Rejecting Contract Clauses

Keeping track of contracts is an important part of managing a small business. Freelance contractors should always read the fine print of cooperation agreements sent by agencies and other organizations, and never accept them without a thorough review.

Dear Business Smarts:

A translation agency that sends me large quantities of regular work recently asked me to sign a new independent contractor agreement. In addition to the customary clauses concerning confidentiality, not contacting the agency’s clients directly, and the ownership of materials to be translated, the agreement contained the following rather confusing clause toward the end:

"The Company reserves the right, in its sole discretion, to conduct audits of Contractor’s facilities, business practices, and any other matters reasonably relating to the performance of Contractor’s services hereunder. Contractor acknowledges that the Company’s right to conduct such audits is a condition of Contractor’s engagement hereunder, and Contractor agrees to cooperate fully in such audits. Although the Company, where practicable, will endeavor to provide advance notice to Contractor of its intent to conduct an audit, the parties agree that the Company may conduct an unannounced audit."

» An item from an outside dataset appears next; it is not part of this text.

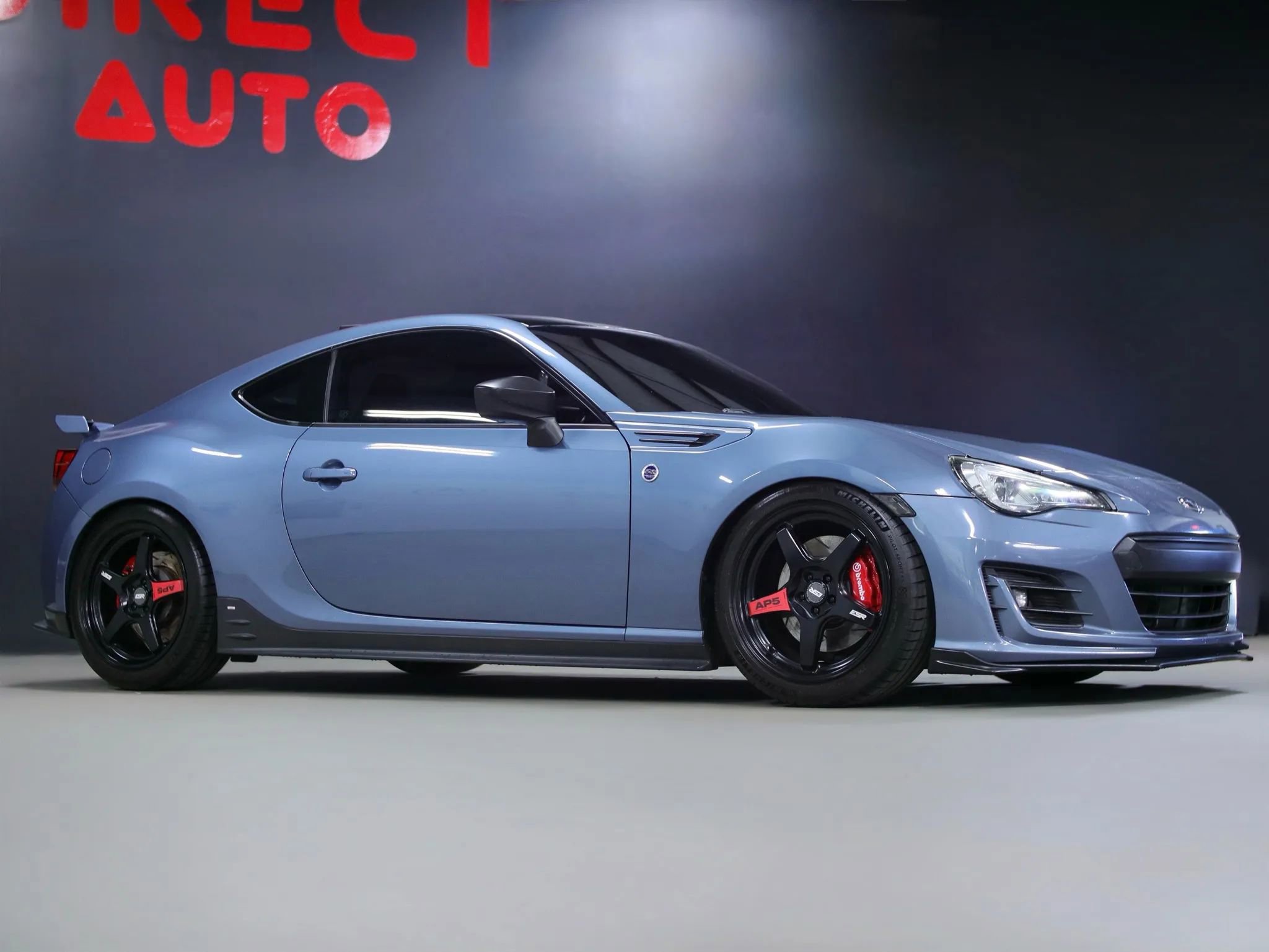 Used 2018 Subaru BRZ Limited w/ 50th Anniversary Edition image 10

Does that mean I may have a group of auditors invade the privacy of my cramped home office, without prior notice if I am unlucky? How would I protect the confidentiality of other client documents in such a case? Which of my “business practices” would the auditors look at? Although I like working for this company, I am so upset about this requirement to accommodate potential audits that I am contemplating not signing this agreement. Will I be denied further work assignments if I do not sign the agreement?
— No Audits, from Texas

Dear No Audits:

You are very wise to read the content of any such agreement carefully before signing. The clause in question most likely refers to dealings with much larger business entities than yours, for example, other agencies specializing in certain language groups or fields. Audits have become much more common in the corporate world, and are used to document compliance with the requirements of a variety of quality and accounting standards. Nevertheless, the agreement was sent to you as the sole proprietor of a small business, and your signature would indicate that you agree, at least in theory, to have such investigations performed at your business premises. While it seems highly unlikely that any company would spend resources on auditing a freelance translator, your approval of the clause leaves the door open for a possible invasion of your privacy and the possible breach of confidentiality agreements you have with other clients.

Given the fact that you do not want to sign the agreement in its current form, but are interested in continuing your working relationship with the company, you have several choices. One course of action would be to communicate with the project manager who sent you the agreement, with a copy to his or her supervisor. Explain politely that you cannot accept this specific clause and ask what the company policy will be with regard to future assignments if you do not sign the agreement. Be sure to print and save any responses you receive. As an alternative, you can also clearly delete any clauses you find unacceptable, and mark the deleted sections with your initials. Write a brief and courteous explanation on a separate sheet, including your signature and the date, and ask that a counter-signed copy of the agreement be returned to you for your records. It would certainly not be inappropriate to follow up on this request if no response is forthcoming. A third alternative may be simply to ignore the agreement and continue to accept assignments from the company, although this would provide the least amount of contractual protection.